"""
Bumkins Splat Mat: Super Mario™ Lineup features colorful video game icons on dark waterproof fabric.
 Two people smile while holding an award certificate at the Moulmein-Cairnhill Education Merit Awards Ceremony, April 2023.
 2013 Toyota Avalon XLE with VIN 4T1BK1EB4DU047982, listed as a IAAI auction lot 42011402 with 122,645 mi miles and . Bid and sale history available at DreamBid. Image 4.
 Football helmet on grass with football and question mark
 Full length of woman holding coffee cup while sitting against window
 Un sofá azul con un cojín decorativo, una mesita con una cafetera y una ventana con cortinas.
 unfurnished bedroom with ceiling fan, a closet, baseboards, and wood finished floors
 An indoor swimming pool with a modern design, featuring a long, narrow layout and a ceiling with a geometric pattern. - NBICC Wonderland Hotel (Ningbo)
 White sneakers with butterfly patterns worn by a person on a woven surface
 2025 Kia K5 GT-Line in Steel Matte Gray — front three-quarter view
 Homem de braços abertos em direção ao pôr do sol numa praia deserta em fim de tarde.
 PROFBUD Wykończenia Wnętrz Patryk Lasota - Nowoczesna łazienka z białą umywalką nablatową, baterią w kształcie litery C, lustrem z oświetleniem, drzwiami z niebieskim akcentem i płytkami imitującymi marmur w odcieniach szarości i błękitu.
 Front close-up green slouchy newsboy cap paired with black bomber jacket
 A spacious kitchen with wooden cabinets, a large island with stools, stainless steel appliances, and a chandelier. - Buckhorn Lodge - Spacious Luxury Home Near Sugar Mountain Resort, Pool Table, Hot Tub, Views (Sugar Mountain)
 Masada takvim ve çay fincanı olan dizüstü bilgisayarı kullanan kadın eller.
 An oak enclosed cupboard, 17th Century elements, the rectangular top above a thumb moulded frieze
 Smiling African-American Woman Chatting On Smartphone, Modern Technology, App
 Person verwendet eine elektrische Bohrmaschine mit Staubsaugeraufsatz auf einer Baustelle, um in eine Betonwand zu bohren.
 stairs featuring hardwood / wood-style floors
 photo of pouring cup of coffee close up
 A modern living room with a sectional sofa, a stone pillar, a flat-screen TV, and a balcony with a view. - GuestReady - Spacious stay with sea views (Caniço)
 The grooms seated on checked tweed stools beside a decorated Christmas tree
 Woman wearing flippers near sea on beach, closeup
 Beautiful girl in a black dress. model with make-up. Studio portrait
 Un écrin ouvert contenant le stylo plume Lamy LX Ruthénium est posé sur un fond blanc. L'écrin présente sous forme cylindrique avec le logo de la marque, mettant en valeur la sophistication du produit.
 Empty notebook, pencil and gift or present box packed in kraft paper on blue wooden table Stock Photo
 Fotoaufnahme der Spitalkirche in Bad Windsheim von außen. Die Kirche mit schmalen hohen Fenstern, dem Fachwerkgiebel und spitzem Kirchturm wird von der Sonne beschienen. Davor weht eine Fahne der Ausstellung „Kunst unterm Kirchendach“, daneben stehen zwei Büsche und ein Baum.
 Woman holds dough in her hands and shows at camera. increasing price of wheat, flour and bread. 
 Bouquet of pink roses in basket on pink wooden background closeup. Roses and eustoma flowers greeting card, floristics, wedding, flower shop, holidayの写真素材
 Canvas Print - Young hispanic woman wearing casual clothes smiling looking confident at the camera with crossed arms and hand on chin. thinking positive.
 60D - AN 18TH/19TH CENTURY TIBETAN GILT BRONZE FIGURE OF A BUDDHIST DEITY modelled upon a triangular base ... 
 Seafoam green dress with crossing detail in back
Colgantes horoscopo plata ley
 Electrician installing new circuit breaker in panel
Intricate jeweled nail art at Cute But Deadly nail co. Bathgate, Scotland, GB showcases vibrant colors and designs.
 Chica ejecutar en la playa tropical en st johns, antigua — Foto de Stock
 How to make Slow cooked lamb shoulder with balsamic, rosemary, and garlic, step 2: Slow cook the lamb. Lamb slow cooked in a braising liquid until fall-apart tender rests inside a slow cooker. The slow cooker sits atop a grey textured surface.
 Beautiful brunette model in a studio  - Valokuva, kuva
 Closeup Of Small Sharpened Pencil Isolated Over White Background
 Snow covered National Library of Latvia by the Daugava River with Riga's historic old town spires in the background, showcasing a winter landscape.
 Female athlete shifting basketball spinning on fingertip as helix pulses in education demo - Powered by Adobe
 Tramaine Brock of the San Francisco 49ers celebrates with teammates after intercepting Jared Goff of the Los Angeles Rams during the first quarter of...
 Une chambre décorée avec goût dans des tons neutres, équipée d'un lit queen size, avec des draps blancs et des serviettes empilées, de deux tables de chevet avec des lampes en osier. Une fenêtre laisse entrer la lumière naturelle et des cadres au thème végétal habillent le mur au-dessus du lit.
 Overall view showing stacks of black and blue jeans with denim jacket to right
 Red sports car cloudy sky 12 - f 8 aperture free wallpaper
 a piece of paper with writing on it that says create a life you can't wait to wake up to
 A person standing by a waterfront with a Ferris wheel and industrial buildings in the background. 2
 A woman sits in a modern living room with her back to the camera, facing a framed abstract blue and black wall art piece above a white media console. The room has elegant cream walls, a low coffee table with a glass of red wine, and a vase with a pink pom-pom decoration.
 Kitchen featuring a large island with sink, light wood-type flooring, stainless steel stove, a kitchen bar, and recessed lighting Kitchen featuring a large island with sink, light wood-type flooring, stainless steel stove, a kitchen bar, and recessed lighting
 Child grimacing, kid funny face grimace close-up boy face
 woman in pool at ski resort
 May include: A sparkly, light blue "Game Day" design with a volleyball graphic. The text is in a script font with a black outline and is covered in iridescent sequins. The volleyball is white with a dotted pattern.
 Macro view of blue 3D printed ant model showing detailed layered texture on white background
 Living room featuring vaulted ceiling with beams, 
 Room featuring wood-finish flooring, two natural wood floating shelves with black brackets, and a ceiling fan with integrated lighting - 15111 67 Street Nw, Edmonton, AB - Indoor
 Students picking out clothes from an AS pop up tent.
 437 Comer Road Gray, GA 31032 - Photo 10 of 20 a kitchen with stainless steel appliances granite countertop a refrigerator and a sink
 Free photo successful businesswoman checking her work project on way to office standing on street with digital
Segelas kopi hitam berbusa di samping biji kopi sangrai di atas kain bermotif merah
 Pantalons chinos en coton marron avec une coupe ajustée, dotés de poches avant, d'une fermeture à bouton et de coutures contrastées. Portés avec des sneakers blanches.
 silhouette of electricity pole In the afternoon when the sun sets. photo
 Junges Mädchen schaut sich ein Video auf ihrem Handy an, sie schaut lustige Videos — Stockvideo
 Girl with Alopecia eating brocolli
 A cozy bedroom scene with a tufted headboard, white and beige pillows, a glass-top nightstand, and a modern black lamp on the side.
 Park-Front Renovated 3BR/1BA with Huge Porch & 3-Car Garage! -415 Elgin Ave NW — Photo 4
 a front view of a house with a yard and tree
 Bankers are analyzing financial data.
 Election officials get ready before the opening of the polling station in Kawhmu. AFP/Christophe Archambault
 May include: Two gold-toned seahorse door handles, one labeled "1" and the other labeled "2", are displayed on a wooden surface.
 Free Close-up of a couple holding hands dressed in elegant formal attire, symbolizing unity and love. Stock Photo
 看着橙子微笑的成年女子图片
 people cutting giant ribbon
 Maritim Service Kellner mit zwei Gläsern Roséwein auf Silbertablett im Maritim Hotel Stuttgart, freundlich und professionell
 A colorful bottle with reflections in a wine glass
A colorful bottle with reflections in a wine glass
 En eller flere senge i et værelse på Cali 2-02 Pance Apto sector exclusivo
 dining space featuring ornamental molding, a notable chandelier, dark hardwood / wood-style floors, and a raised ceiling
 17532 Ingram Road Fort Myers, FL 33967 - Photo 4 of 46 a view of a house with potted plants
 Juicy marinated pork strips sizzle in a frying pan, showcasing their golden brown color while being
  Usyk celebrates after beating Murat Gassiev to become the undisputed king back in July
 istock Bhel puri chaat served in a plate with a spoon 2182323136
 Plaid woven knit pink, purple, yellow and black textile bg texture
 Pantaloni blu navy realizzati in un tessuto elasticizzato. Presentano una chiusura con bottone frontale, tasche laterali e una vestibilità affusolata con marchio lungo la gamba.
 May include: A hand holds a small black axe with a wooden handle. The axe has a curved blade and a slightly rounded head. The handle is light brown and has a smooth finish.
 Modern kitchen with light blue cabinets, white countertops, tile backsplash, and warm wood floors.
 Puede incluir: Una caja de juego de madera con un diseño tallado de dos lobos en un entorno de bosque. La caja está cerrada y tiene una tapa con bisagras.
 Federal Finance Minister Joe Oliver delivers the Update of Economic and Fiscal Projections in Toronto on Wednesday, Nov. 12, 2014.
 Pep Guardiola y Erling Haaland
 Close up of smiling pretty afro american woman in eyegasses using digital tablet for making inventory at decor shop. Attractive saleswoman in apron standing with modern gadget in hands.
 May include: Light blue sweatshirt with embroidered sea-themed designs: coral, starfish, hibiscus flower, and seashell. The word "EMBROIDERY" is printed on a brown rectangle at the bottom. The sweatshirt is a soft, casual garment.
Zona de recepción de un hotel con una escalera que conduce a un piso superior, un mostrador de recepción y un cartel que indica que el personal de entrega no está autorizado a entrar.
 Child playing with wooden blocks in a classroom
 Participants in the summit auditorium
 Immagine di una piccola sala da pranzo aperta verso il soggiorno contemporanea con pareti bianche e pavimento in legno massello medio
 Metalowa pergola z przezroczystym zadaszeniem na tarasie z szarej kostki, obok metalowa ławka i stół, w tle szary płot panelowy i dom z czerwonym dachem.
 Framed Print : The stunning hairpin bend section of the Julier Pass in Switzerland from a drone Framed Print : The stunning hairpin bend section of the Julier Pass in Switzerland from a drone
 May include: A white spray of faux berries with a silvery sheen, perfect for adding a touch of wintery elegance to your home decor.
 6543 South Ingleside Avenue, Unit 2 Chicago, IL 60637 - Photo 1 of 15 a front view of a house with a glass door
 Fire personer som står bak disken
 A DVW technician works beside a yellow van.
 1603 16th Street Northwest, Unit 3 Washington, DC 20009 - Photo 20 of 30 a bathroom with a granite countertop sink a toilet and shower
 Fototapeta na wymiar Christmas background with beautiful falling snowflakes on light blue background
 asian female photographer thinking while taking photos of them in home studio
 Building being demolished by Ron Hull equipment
"""
▶ _What to work on_
Pull every line containing "house" out of the data above.

▶ _The completed task_
 a front view of a house with a yard and tree
 17532 Ingram Road Fort Myers, FL 33967 - Photo 4 of 46 a view of a house with potted plants
 6543 South Ingleside Avenue, Unit 2 Chicago, IL 60637 - Photo 1 of 15 a front view of a house with a glass door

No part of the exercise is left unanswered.